Activities involving role play encourage creative thinking and allow children to learn while following the rules of the role. It helps students internally control their own behavior.
With role playing, students learn to negotiate and transfer knowledge to each other. It also teaches important facets of life like delayed gratification, balancing ones ideas with others, and synthesizing information and ideas.
In preschool, students begin learning simple measurements like “big or little” and “long and short.” The basics of classification are important throughout life through measuring size, weight, time, and volume.
We make our own fire fighter hats with Dalmatian ears before a real fire fighter comes to visit at Rainbow Steps. Making a costume of a fire fighter, then seeing a real one right in one's classroom, makes a direct link for students.
Students learn how to ask and answer questions in order to seek help, get information, or clarify something. We encourage understanding and using question words (interrogatives). Children are encouraged to produce and expand complete sentences in shared language activities.
We sit in a circle nearly every day so that we can have collaborative conversations with diverse partners. We are beginning to learn to speak and listen to peers and adults in small and larger groups.
Rainbow Steps' students are in the very beginnings of learning to reason and think conceptually. Scissoring also builds fine motor skills and teaches the basics of attending to precision.
Many manipulative items at Rainbow Steps help teach things like numbering, relative sizes, order and sequencing, and more concepts that build a child’s mental and physical skills.
We learn about our physical world in terms of geometric ideas, so we teach about dimensional shapes like squares, rectangles, and hexagons in a variety of ways.
If text is read aloud by the teacher, students learn about the media, they ask questions about key details, and they learn to ask questions if something is not understood.
Part of our work at school is getting students to ask and answer questions about key details in a story or song. It's important for teaching comprehension.
We teach students that conversations have multiple exchanges. Students learn to read social cues, to regulate emotions, to negotiate, and to take turns.
Students engage in dress-up play which allows them to be someone else. Using props for a role excites imagination and develops positive ideas about work, and about the world around us.
We hang things on our walls that are student-produced using a combination of drawing and dictating to encourage students to compose.

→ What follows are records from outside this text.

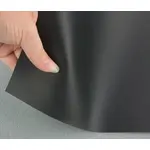 Термовініл HORN чорний A66 для обтягування торпеди Мініатюра 2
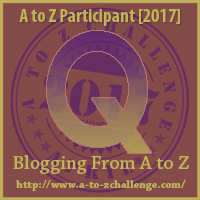 Q IS FOR QUEEN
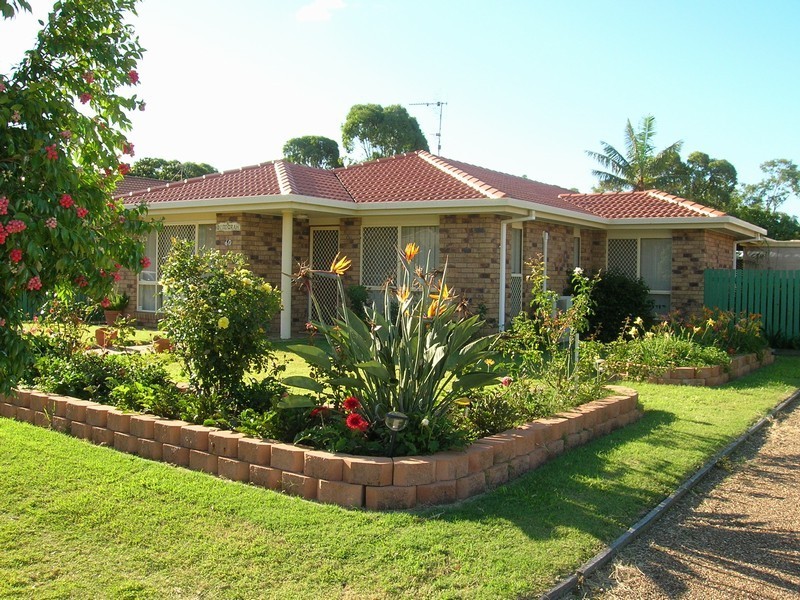 60 Snapper Street, Kawungan QLD 4655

Drawing encourages the future ability to produce writing that is understood by others, and that can be explained by the author.
Puzzles are multi-purpose at Rainbow Steps: They build students' manipulation skills; they demand students use their cognitive skills; and they show that the reward at completion provides a positive ending to a task.
Acting out meal preparation is one of the ways that Rainbow Steps students learn to collaborate, problem solve, and think flexibly. Interacting with others is critical to life’s success and happiness.
Art time is always fun, and it develops fine motor skills. Arts and crafts also stimulate preschoolers’ imaginations and creativity helping with mental development.